— REQUIRED WORK —
Go to the line in the entries below that holds "To the right" and repeat exactly from there through the line that holds "Overhead, blue cables", inclusive.

— STORED DATA —
--- --- ---
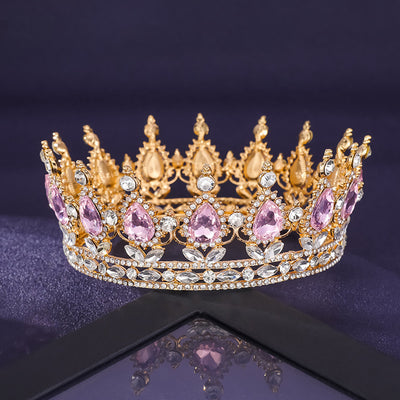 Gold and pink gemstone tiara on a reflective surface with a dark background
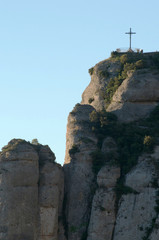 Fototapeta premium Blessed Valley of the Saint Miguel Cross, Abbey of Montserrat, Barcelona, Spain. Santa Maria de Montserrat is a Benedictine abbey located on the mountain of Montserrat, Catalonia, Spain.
--- --- ---
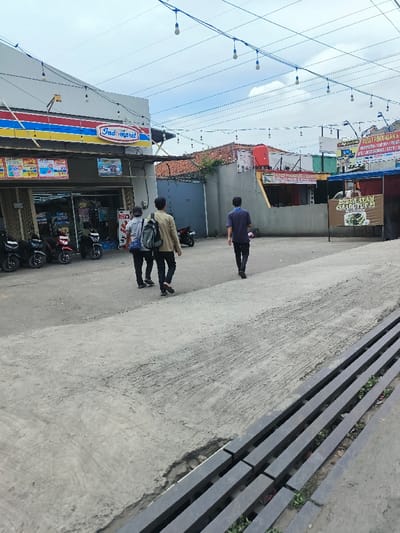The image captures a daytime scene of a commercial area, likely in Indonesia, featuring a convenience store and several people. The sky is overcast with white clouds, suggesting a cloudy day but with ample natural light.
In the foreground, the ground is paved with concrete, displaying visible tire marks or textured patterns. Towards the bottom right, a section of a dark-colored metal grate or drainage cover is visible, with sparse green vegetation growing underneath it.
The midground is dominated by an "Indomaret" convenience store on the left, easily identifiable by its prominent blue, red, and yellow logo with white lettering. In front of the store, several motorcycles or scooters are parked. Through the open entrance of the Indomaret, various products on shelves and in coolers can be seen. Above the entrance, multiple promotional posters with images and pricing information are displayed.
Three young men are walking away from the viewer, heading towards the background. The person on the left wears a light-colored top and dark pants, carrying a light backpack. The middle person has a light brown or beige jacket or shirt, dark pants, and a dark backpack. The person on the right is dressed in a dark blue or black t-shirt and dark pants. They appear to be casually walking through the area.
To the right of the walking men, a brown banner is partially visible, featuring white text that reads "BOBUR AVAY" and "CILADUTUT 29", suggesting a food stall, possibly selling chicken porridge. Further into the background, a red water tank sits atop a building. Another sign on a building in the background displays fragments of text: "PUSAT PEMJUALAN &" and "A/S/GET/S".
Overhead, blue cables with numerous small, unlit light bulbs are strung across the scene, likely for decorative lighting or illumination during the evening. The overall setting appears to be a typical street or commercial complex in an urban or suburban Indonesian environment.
--- --- ---
— SOLUTION —
To the right of the walking men, a brown banner is partially visible, featuring white text that reads "BOBUR AVAY" and "CILADUTUT 29", suggesting a food stall, possibly selling chicken porridge. Further into the background, a red water tank sits atop a building. Another sign on a building in the background displays fragments of text: "PUSAT PEMJUALAN &" and "A/S/GET/S".
Overhead, blue cables with numerous small, unlit light bulbs are strung across the scene, likely for decorative lighting or illumination during the evening. The overall setting appears to be a typical street or commercial complex in an urban or suburban Indonesian environment.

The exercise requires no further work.